Alex Wong, a member of the once notorious Green Dragons gang, was only 16 years old when he shot and killed Tony Gallivan during an extortion attempt at a Taiwanese restaurant in the Elmhurst neighborhood of Queens. Wong also killed the restaurant’s manager, Mon Hsiung Ting, and left another bystander, Gregory Hyde, paralyzed for life.
Because of the especially cold-blooded nature of the crime and a plot by Wong following his arrest to kill one of the witnesses, then-Assistant US Attorney General Loretta Lynch secured approval to see him tried as an adult.
Wong was sentenced to life in prison, but following the 2012 decision by the Supreme Court that mandatory life sentences for juvenile offenders violated the Eighth Amendment, he is now hoping to receive a shorter prison term in his resentencing.

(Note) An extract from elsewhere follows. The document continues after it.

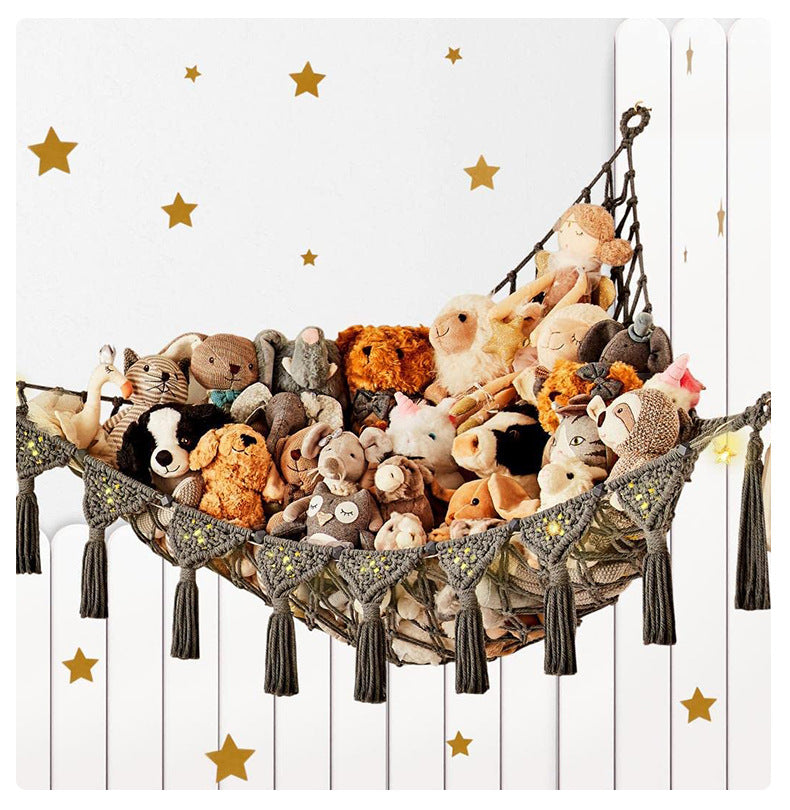 Triangle Toy Net Plush Toy Storage Corner Hanging Cotton Rope Hand-woven Toy Hammock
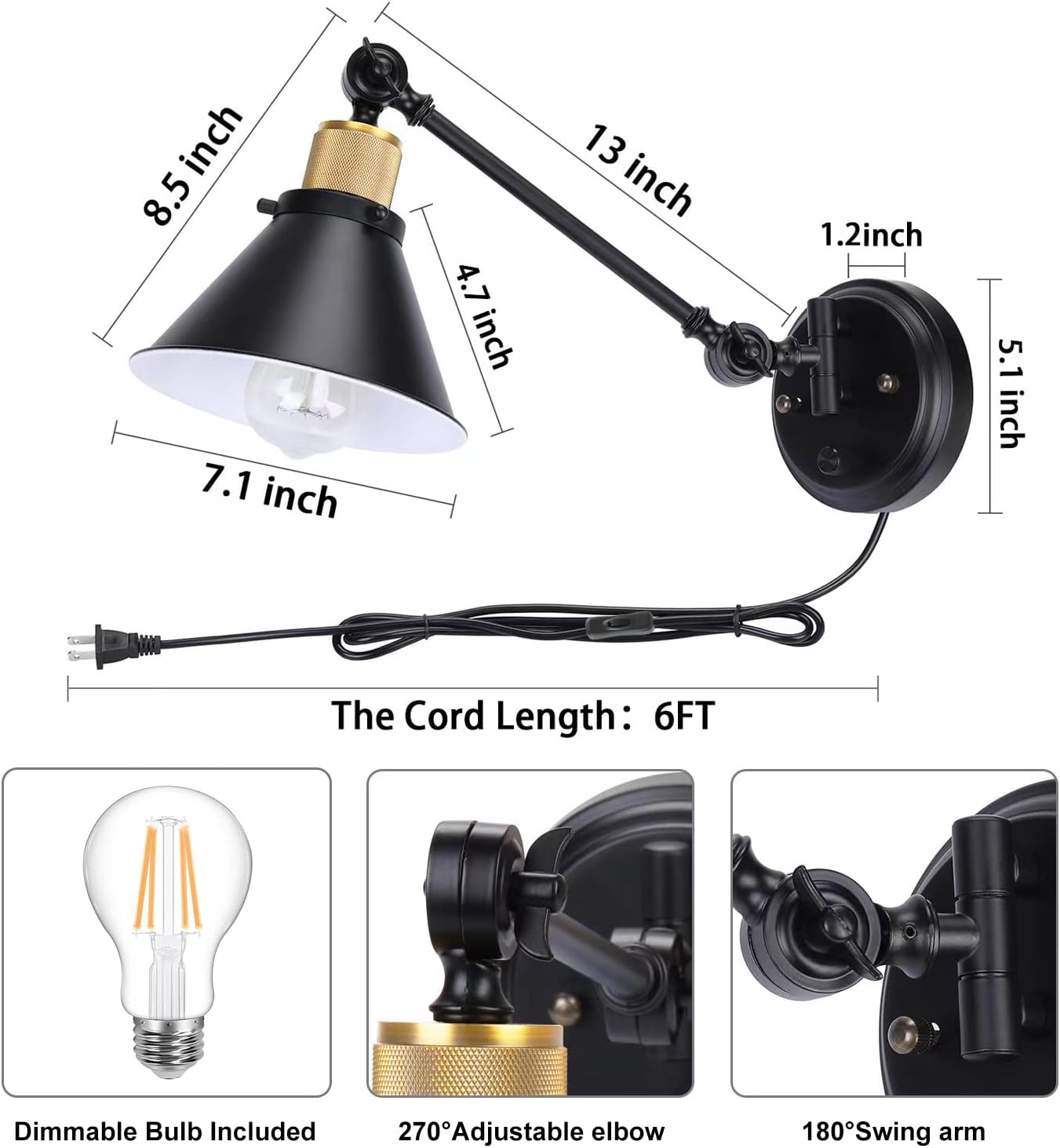 TRLIFE Wall Sconce Plug in, Dimmable Wall Sconces Swing Arm Wall Lights with Plug in Cord, Wall Mounted Light with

Wong’s case was heard yesterday by Brooklyn federal judge Raymond Dearie.
As the NY Post reported, Wong, now 43 after 25 years in prison, vows that he has changed since the day he killed Gallivan and Mon Hsiung Ting.
“I remember the blood, the screams,” he wrote last month in his request for a reduced sentence. “I was an animal. The Green Dragons were animals.”
Prosecutor Douglas Pravda, however, maintains that “While Wong was 16 years old at the time of these shootings, his actions belied his youth. As Judge [Reena] Raggi stated at sentencing, the trial evidence showed that Wong’s behavior in the restaurant was ‘cool, calm, and very, very coldblooded.’ ”
In January 1990, the New York Times reported that 1989 had been a record year for bystander deaths, with over 30 lives across the city claimed by stray bullets that year. Of Gallivan, the paper wrote:
“Anthony Gallivan, born in Limerick, Ireland, had come to the United States hoping to earn enough money to open his own restaurant.
“He was killed on July 16 as he was having dinner with his wife in a Chinese restaurant near their home in Woodside, Queens, shot once in the chest.
“Police accounts said two Chinese gang members, in what appeared to be an extortion attempt, opened fire in the cramped restaurant on Roosevelt Avenue in Jackson Heights. The owner of the restaurant was killed, and two other customers were wounded.
'’'It was one of those things where there were three or four decisions made during the day that led them to being in the wrong place at the wrong time’’ said Dan Sweeney, an owner of the Mad Hatter, a Upper East Side pub where Mr. Gallivan worked as a bartender.
“Employees and patrons of the pub helped pay for transporting Mr. Gallivan's body to to Ireland for burial and for a plane ticket for his wife to attend the funeral.”